Asa Charles Leininger stuns as Riff, the leader of the Jets. Leininger makes Riff far more than a brainless brute with his multilayered take on the character. His Riff started the Jets to have a sense of belonging. He’s proud of his gang because of the support they provide. He’s tough. He’s loyal, remaining friends with Tony despite his walking away from the gang. His Riff even has a code of honor as he’s willing to settle his issues with the Sharks with one fistfight. He even has some common sense as he refuses to react to those that call him and his gang hoodlums and prefers to stay cool. Leininger’s New York accent is spot on and he retains it as his lower tenor entertains us with “Jet Song” and “Cool”.
Tanner Johnson is scary smooth as Tony. Johnson takes the audience by the hand and gracefully leads it through Tony’s emotional journey. He’s got the perfect personality for the likable Tony who is trying to escape his former world of violence by holding down a job and finding love. You will be swept along with him as he experiences the highs of love, the horror at his violent actions when he gets dragged back into the gang world, and his heartbreak when he thinks he has lost Maria.
Johnson also has a gorgeous tenor voice. More importantly, he knows how to act through the songs, striking each emotional beat with unerring accuracy. Some of his best moments were his joyous “Maria” and his beautiful take on “Somewhere”.
Genevieve Fulks is a powerhouse of talent and will steal your hearts as Maria. She has such innocence and sweetness in the role and you can believe she has the power to evolve Tony into a better person. But she just as easily handles anger and pain when her world begins to fall apart due to the lifestyle of violence lived by her loved ones. And, my word, what a heavenly voice she has. Ms Fulks’ operatic soprano gave a performance for the angels with showstopping turns in “I Feel Pretty”, “I Have Love”, and “Tonight”.

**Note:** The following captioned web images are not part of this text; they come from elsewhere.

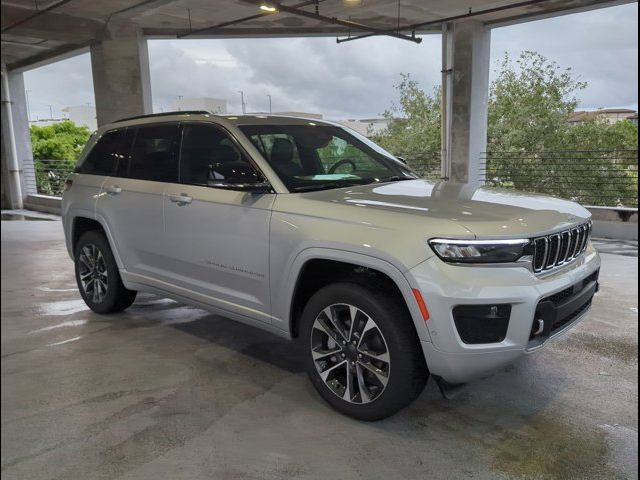 2025 Jeep Grand Cherokee Overland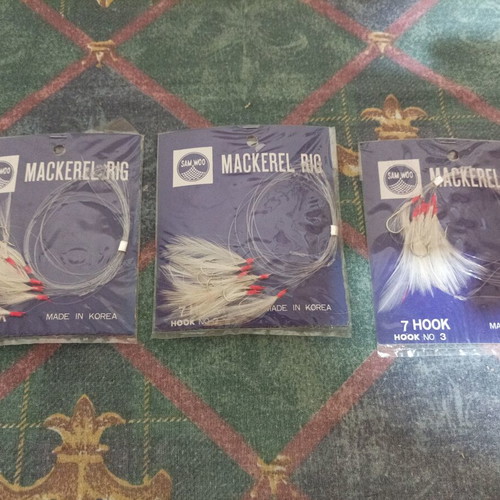 Fishing rigs No 4 and No 3 new, per package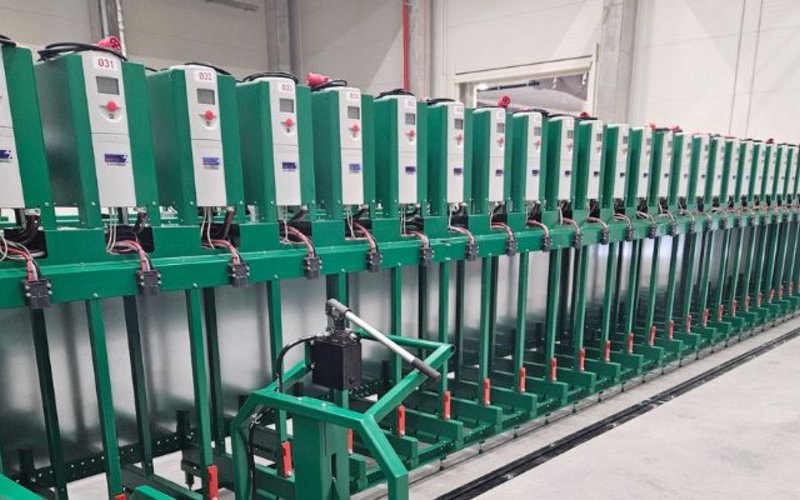Efficient battery changing with customised charging station - Monday, 02.12.2024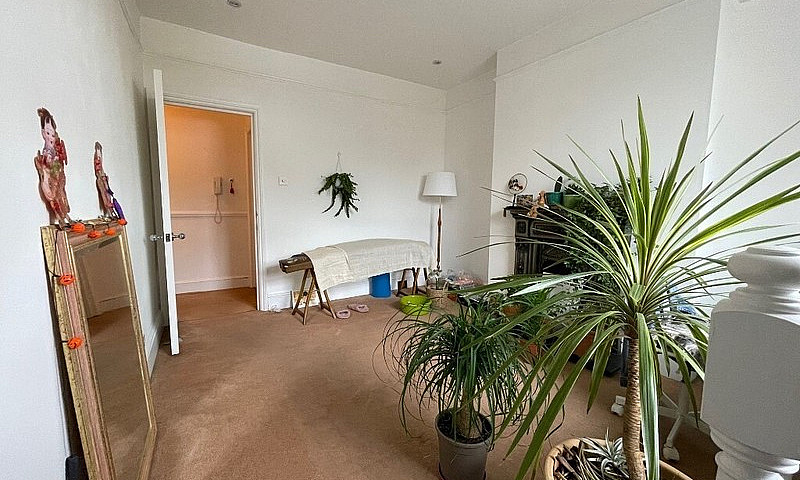 Stunning 2 Bed Flat-...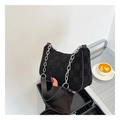 Détail du sac en peluche à damier noir avec grosse bandoulière chaîne argentée - Noir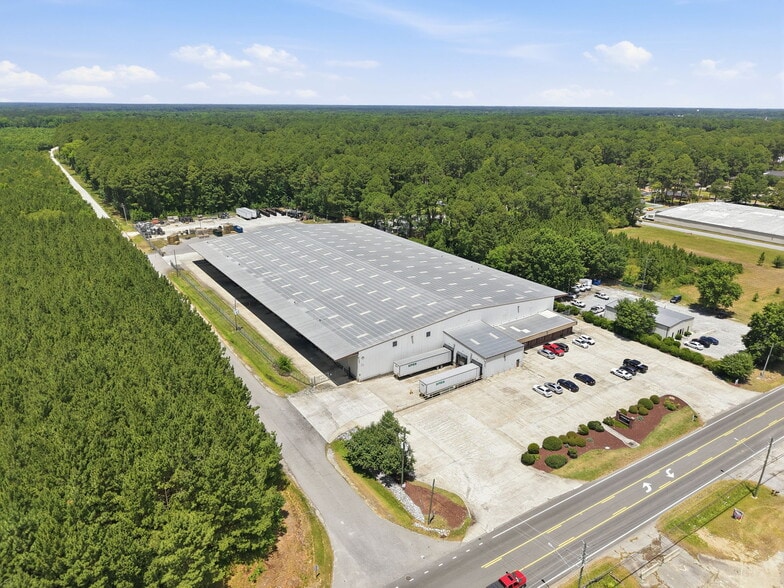 More Photos Of 1526 S Brightleaf Blvd, Smithfield Warehouse For Lease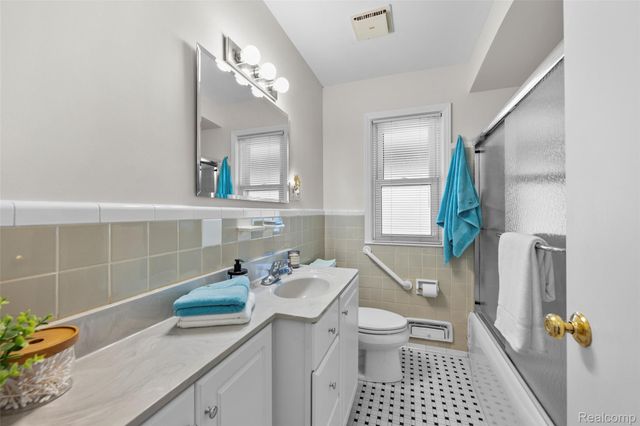 408 Orchard View Drive, Royal Oak, MI 48073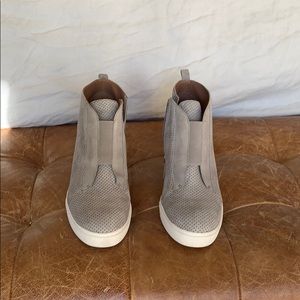 Lines Paola Anna wedge sneaker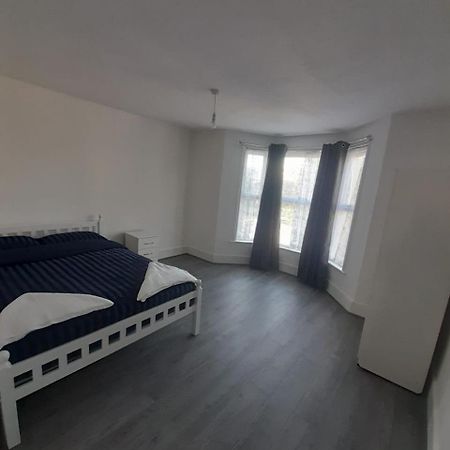 Rayan'S Lodge Stratford London Eksteriør billede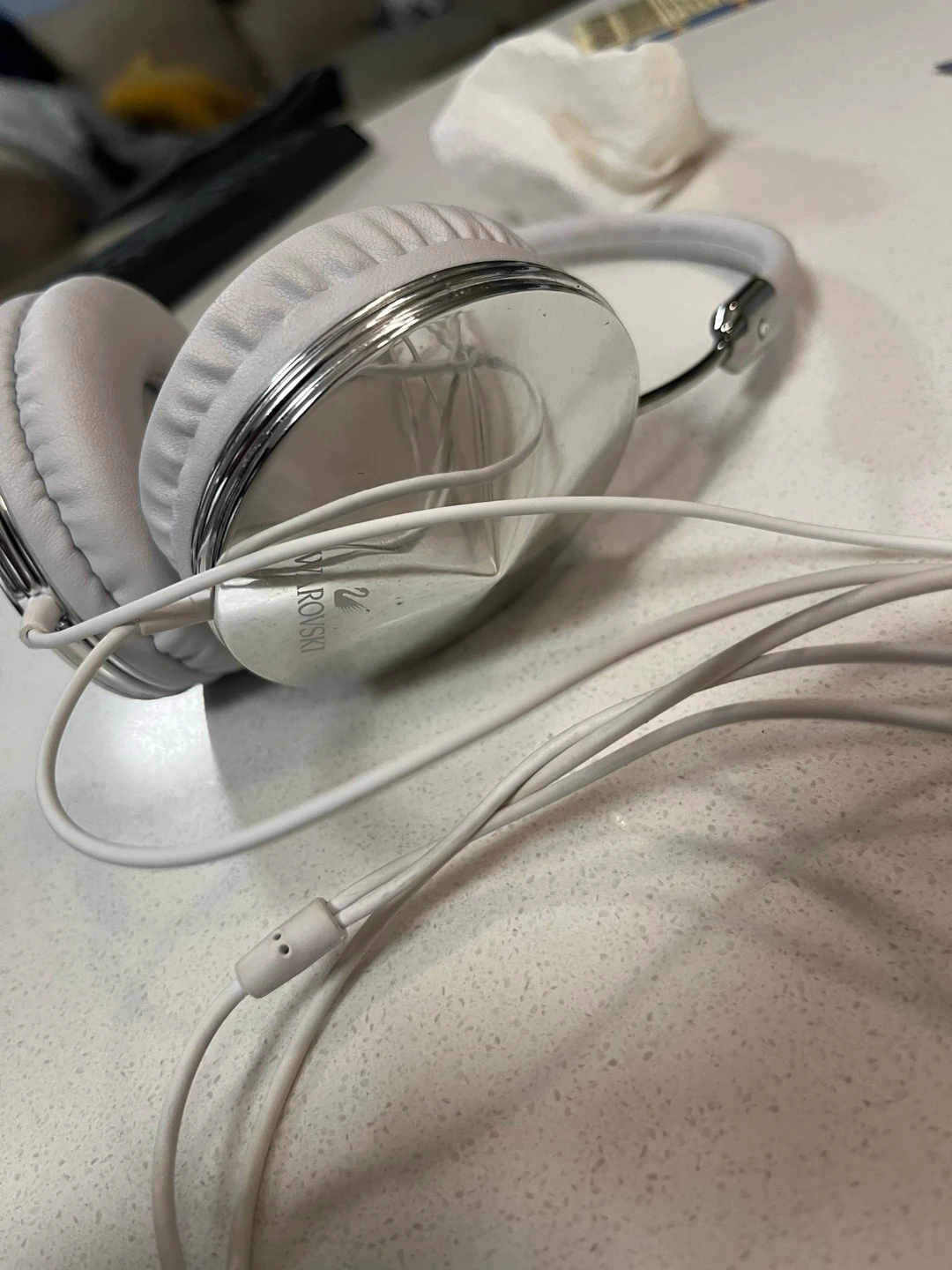 Swarovski White and Silver Headphones - photo 3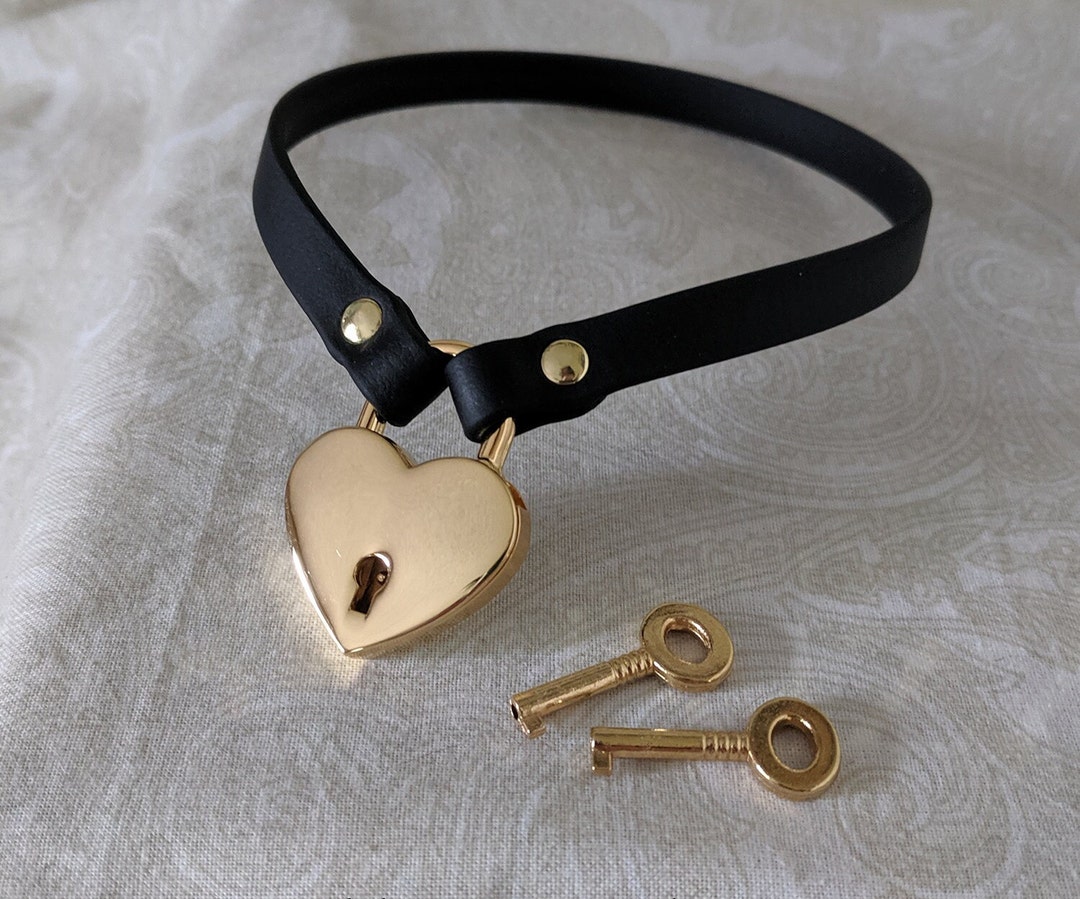3/8 Biothane Locking Collar/choker Large Gold Tone Heart Lock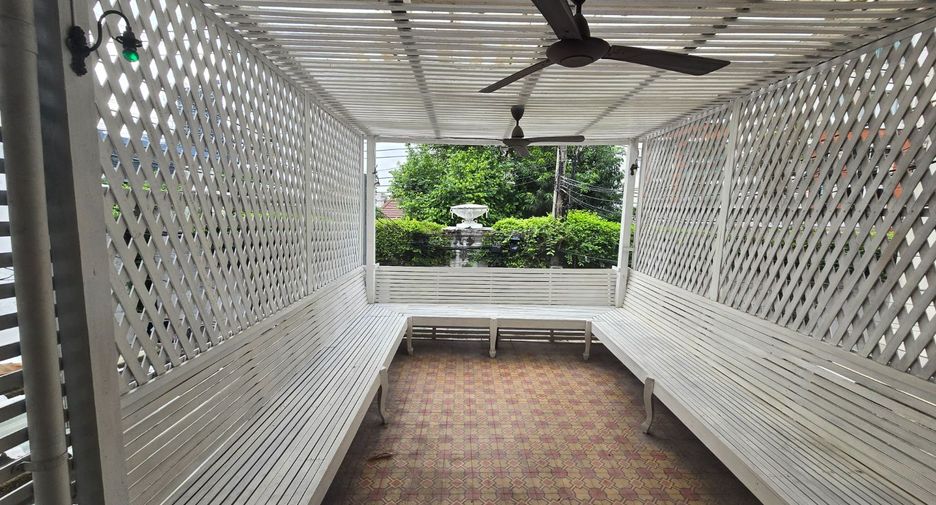 For sale retail Space in Watthana, Bangkok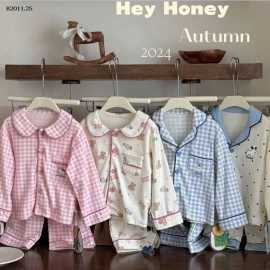 Bộ đồ mặc nhà dài tay cho bố mẹ và con nhà hey honey- giá sỉ  size 90-130 giá 225k size 140-150 giá 250k size 160-170 dành cho người lớn giá 299k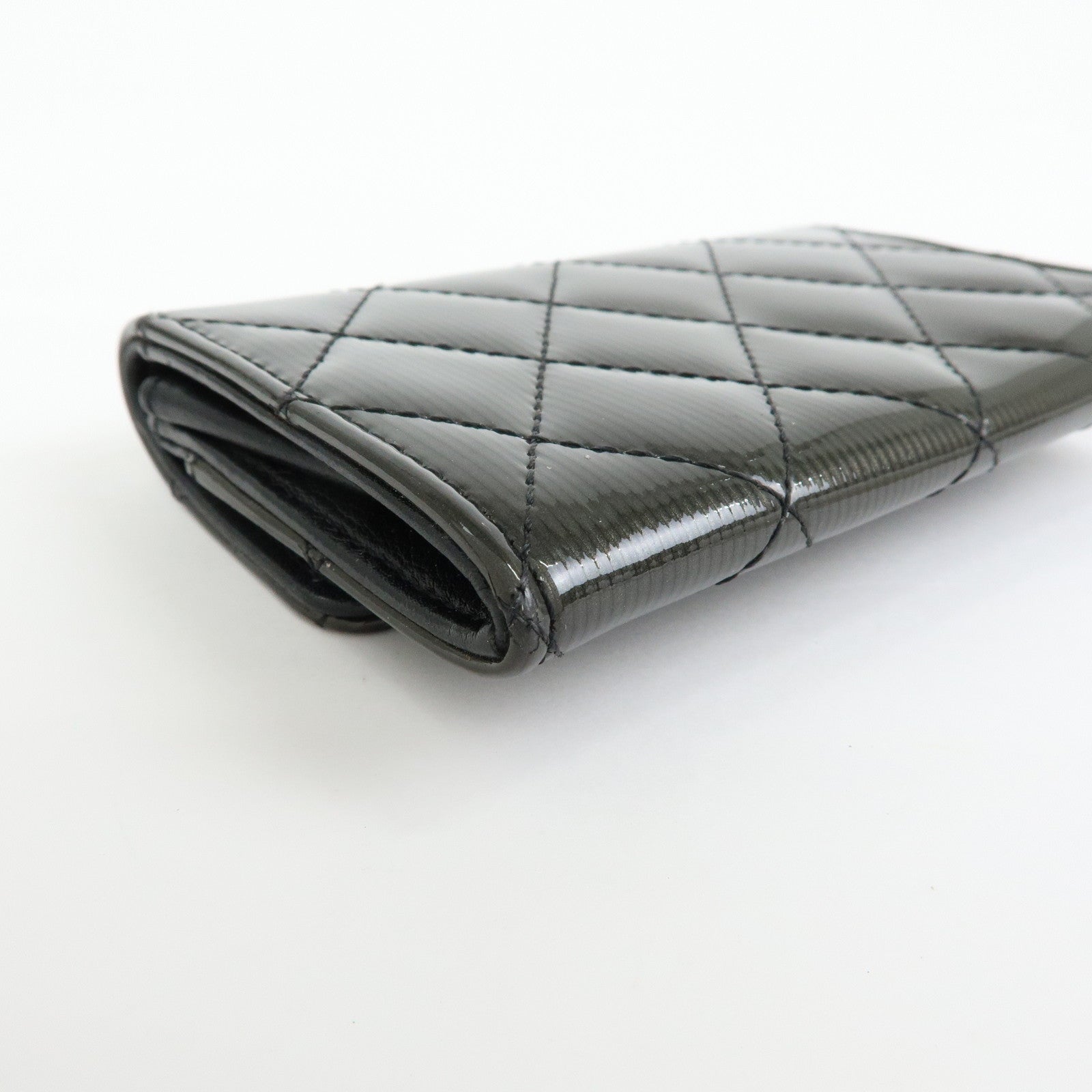 CHANEL COCO Mark Matelasse Patent Leather Card Case Black
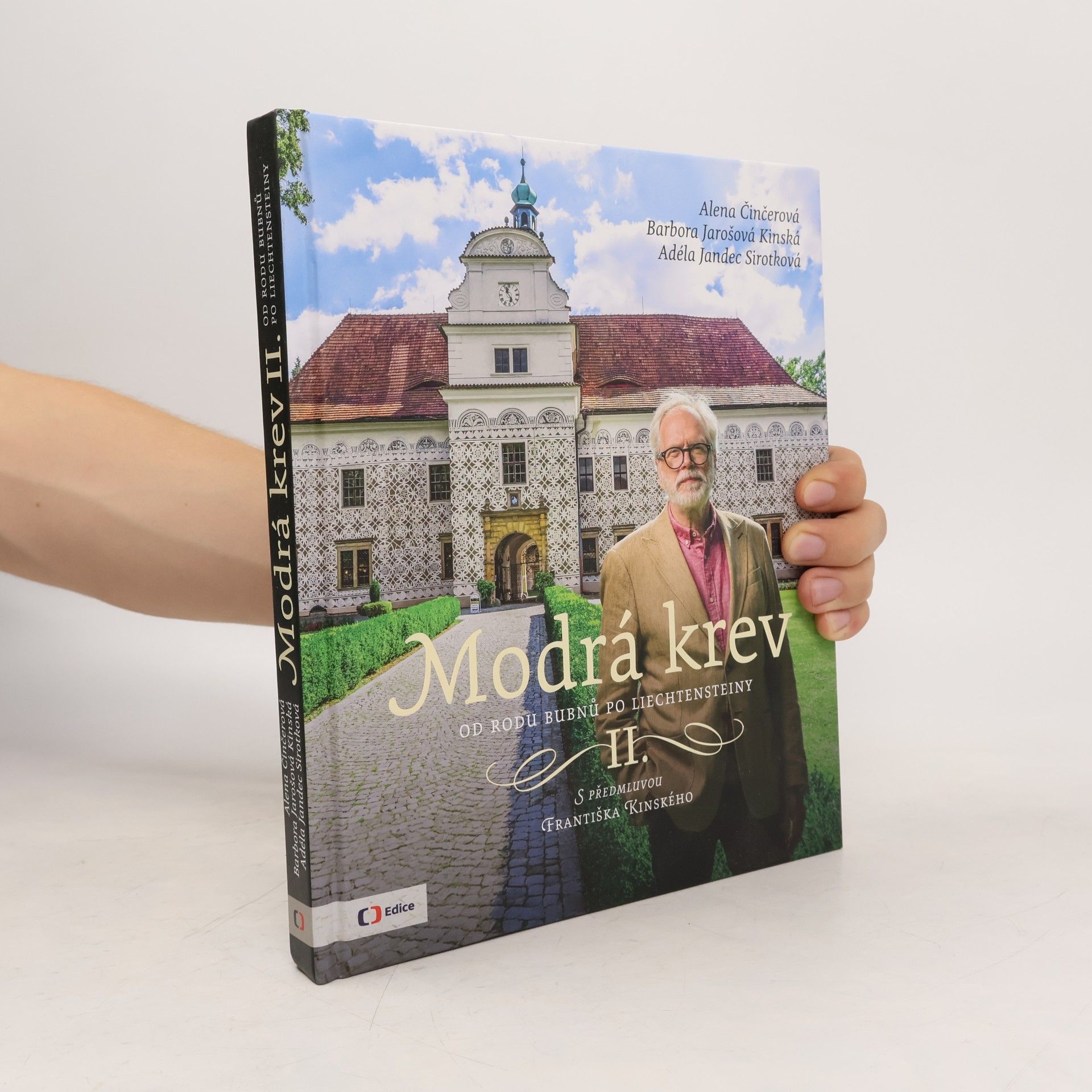 Adéla Jandec Sirotková Modrá krev - 2: Od rodu Bubnů po Liechtensteiny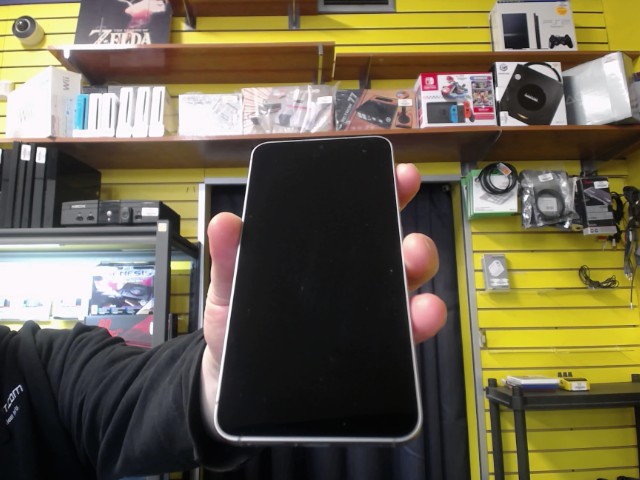 Telephone cellulaire 128go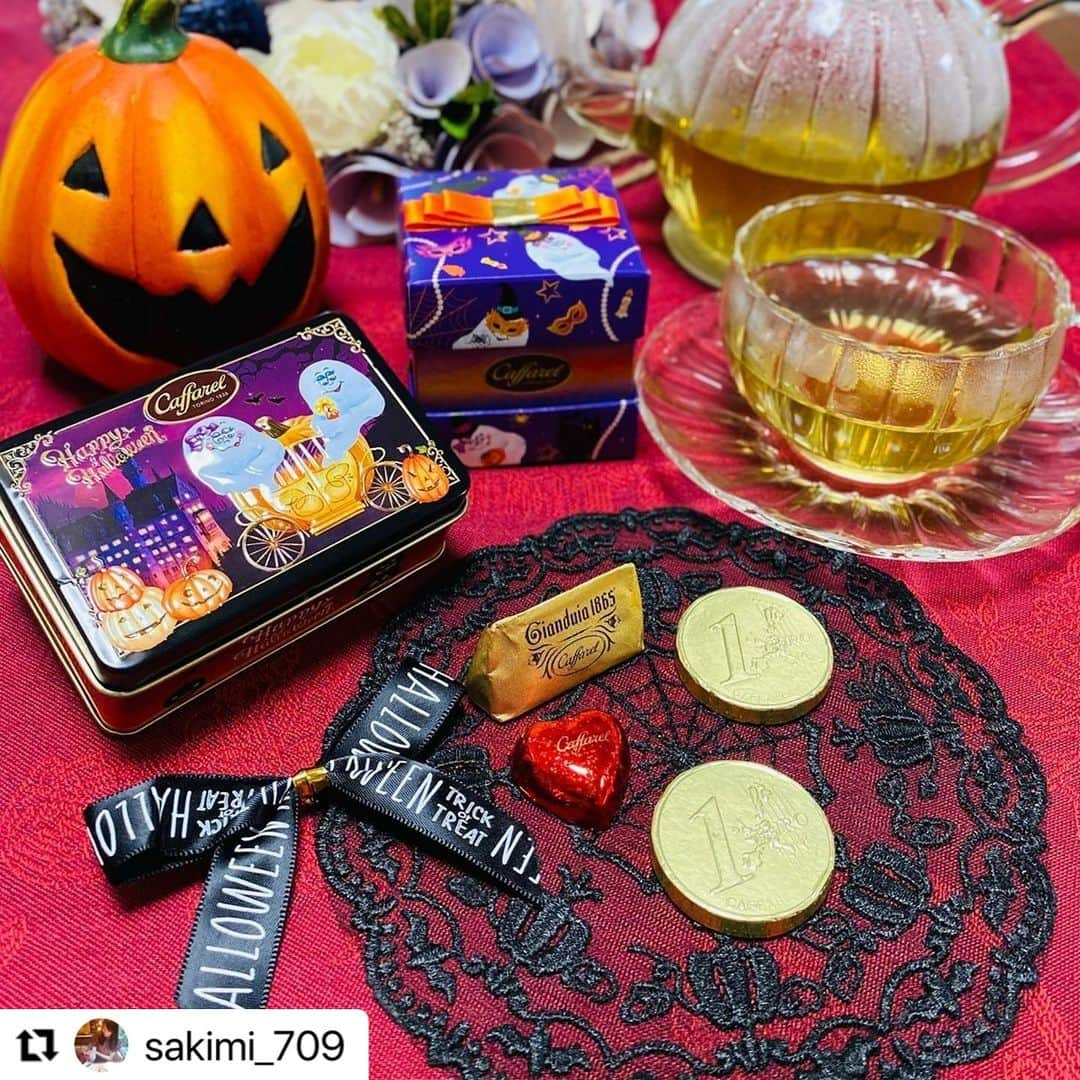 カファレルチョコレートさんのインスタグラム写真 - (カファレルチョコレートInstagram)「#カファレルアンバサダー2023　@sakimi_709さまにご投稿頂きました📷🍫 ありがとうございます✨  華やかなデザインのパッケージはハロウィンのディスプレイにぴったりですね✨ おばけたちが描かれたハロウィンコレクション、ぜひお楽しみください！  #カファレルアンバサダー2023 #カファレル #ジャンドゥーヤ #caffarel #ハロウィン」10月7日 12時00分 - caffarel_hy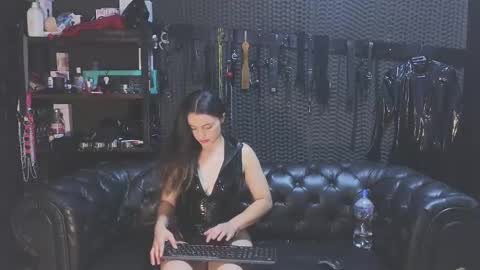  KIMBERLY SWAN  online show from 03/01/25, 08:21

Susan Gravatt and her orchestra perfectly play the score of this musical. John R. “Chuck” Rogers has designed a magnificent set of fences, crumbling tenements, and fire escapes. Jamie Bowers’ lights and sounds enhance the story. Kris Haik and Ginny Herfkens are winners with their precise costuming with the t-shirts, jackets, and jeans of the gangs and the elegant dresses for the ladies.
As I said earlier, this is the best community theatre musical I have ever seen staged in nearly a quarter century of theatre involvement. I have seen professional productions that couldn’t hold a stick to this show. It’s just a blitzkrieg of perfection from the fantastic story to grade A direction to stunning choreography to flawless acting and entrancing singing. If you love theatre and live in or near the Springfield, MO area, buy a ticket to see this show. You will be blown away.
West Side Story plays at Springfield Little Theatre through Feb 4. Showtimes are Thurs-Sat at 7:30pm and Sundays at 2pm. Tickets range from $16-$36. For tickets visit http://www.springfieldlittletheatre.org or call the Box Office at 417-869-1334. Parental discretion is advised for coarse language and gestures and some scenes of violence. Springfield Little Theatre is located at 311 E Walnut St in Springfield, MO.